Overview: You could spend many hours on many days studying what is in the ocean. This lesson lets your child learn look at patterns, discuss size, and think about diet. The lesson appeals to the Verbal-Linguistic, Logical, Visual-Spatial, Bodily-Kinesthetic, Naturalist, and Intrapersonal intelligences.
- magnifying glass
- 100 foot long piece of yarn
- seaweed (available at most grocery stores)
- graham cracker
- pile of seashells (available at most dollar stores and Walmarts)
- Science Journals.
- pictures of ocean plants and animals
- Gather supplies.
- What's under the ocean? Let's climb in our submarine and travel underwater. Take turns with your child pointing out things you "see." Look at and discuss pictures of animals and plants that you can find in the ocean.
- The ocean is full of many different kinds of animals that have shells. What kinds of patterns do you see on these shells? Give your child some time with the magnifying glass to study the shells. Encourage her to draw pictures of them in her Science Notebook.
- The ocean has lots of seaweed in it. Many animals eat seaweed, including endangered sea turtles. Have you ever tasted seaweed? It's okay for people to eat.

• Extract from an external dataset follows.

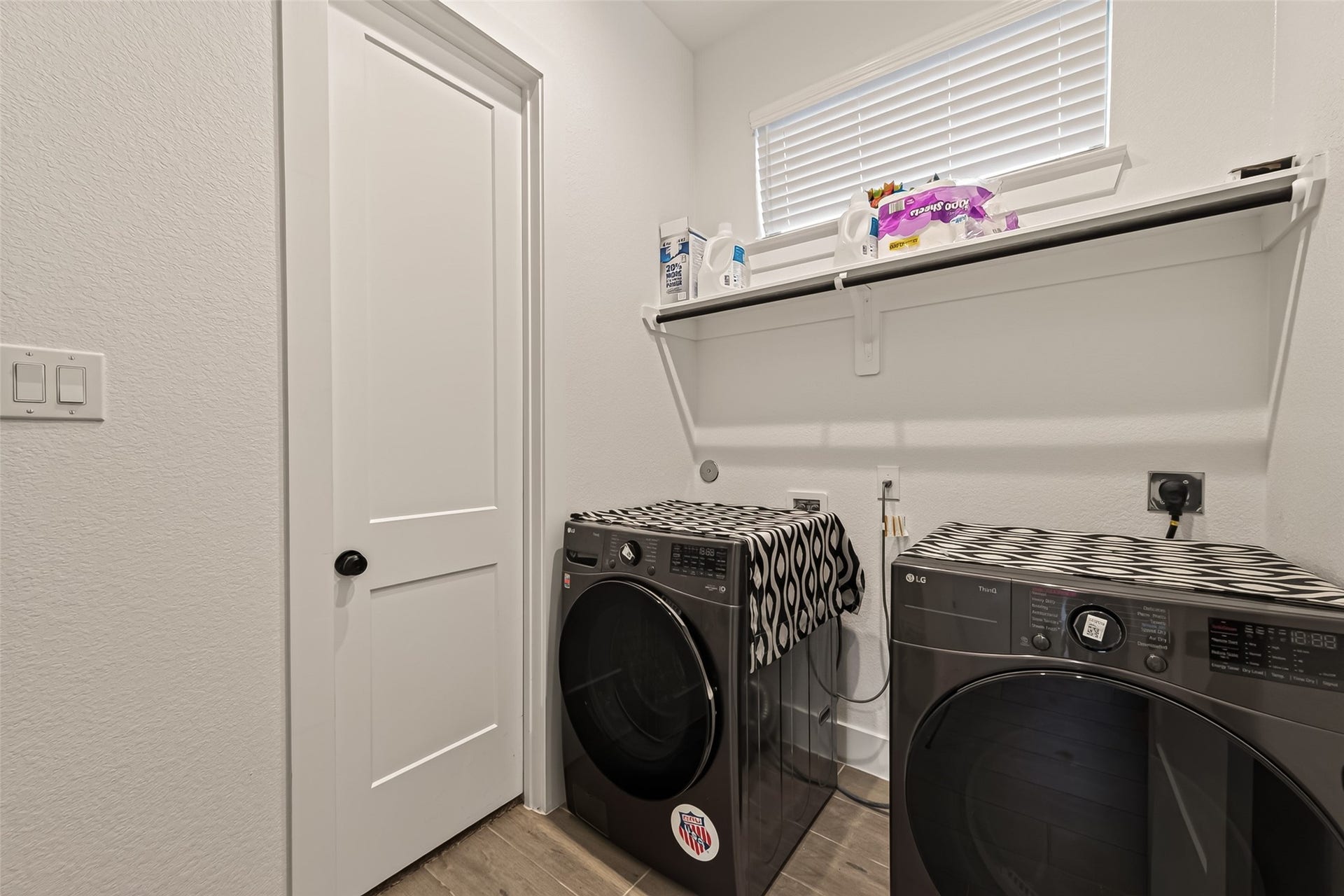 10730 Hidden Rock Drive, Missouri City, TX 77459 Conveniently located laundry room adjacent to the guest bedroom, featuring a direct pass-through entrance into the primary closet for seamless access.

Let's try some! (Carrageenen, a seaweed extract, is used in many products--including breads and desserts--as a thickener.)
- The biggest animal in the ocean is a whale. Whales can be 100 feet long! How long is that? Let's find out. Unwind the 100 foot long piece of yarn with your child. How many times could you fit inside this whale? Let's find out!
- What would you eat if you were that big? Most whales eat plants and animals smaller than a graham cracker! Can you imagine how much food they would have to eat to get full?
- Science Notebooks: Draw or write about what we did today.